Assessing The Threat of Cyberterrorism

From Fresh Air on NPR

February 10, 2010

James Lewis is a senior fellow at the Center for Strategic and International Studies and the co-author of the report “Security Cyberspace in the 44th Presidency.” He predicts that within a decade, Al Qaeda will develop capabilities to carry out attacks on the web.

“Every single day, sensitive information is stolen from both government and private sector networks as criminals become increasingly more sophisticated…

Recent breaches at Google and the Department of Defense have illustrated that the United States is not yet ready to deal with a large scale cyber-attack.”

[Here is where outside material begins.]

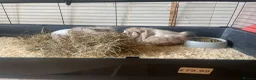 Guinea Pig rodents for sale: 2 female guinepigs  - Advert 4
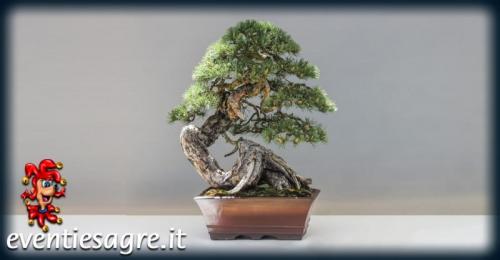 Bosco Fiorito - Bosco Marengo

The battle against cyberterror

By John Blau, Network World

November 29, 2004

The Good News

Experts “don’t think [would-be terrorists] have the technical ability yet – in other words, the combined IT and control system skills needed to penetrate a utility network.

The Bad News

Hackers “are beginning to acquire some of these skills… and in many parts of the world [people] are willing to peddle their expertise for the right price or political cause.”

The Worse News

  • “Few, if any, of the industrial control systems used today were designed with cybersecurity in mind because hardly any of them were connected to the Internet.”
  • “Many of the “private” networks now are built with the help of competitively priced fiber-optic connections and transmission services provided by telecom companies, which have become the frequent target of cyberattacks.”
  • Moreover, security isn’t necessarily related to a country’s wealth.  Levels of protection vary from country to country.